• TASK TO CARRY OUT
Which lines in the records below hold the word "world"? Copy each of them.

(Data extracted from a collection)
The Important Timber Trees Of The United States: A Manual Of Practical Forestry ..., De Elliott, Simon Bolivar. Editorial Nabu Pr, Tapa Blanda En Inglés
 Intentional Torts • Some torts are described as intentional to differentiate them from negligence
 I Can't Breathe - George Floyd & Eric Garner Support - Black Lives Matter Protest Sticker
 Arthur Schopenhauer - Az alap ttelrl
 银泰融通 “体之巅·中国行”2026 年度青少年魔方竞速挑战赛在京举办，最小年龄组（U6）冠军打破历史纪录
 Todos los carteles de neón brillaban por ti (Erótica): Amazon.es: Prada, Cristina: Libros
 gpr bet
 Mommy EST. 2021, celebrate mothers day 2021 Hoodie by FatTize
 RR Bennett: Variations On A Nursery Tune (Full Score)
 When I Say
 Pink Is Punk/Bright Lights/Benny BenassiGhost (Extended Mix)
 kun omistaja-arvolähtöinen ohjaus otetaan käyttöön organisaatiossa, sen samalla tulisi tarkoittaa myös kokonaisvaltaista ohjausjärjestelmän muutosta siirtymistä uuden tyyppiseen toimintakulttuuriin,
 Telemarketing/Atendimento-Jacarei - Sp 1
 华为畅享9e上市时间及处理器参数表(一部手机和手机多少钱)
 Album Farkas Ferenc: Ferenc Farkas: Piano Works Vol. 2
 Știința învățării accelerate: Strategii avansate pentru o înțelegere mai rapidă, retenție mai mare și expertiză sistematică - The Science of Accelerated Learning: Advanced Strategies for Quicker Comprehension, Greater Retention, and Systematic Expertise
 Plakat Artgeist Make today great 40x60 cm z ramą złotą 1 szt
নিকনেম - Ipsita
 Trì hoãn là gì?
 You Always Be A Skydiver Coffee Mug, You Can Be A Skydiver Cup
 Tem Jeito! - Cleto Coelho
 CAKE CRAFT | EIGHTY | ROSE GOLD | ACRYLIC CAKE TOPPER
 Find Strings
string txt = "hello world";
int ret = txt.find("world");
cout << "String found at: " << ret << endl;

• RESULT
string txt = "hello world";
int ret = txt.find("world");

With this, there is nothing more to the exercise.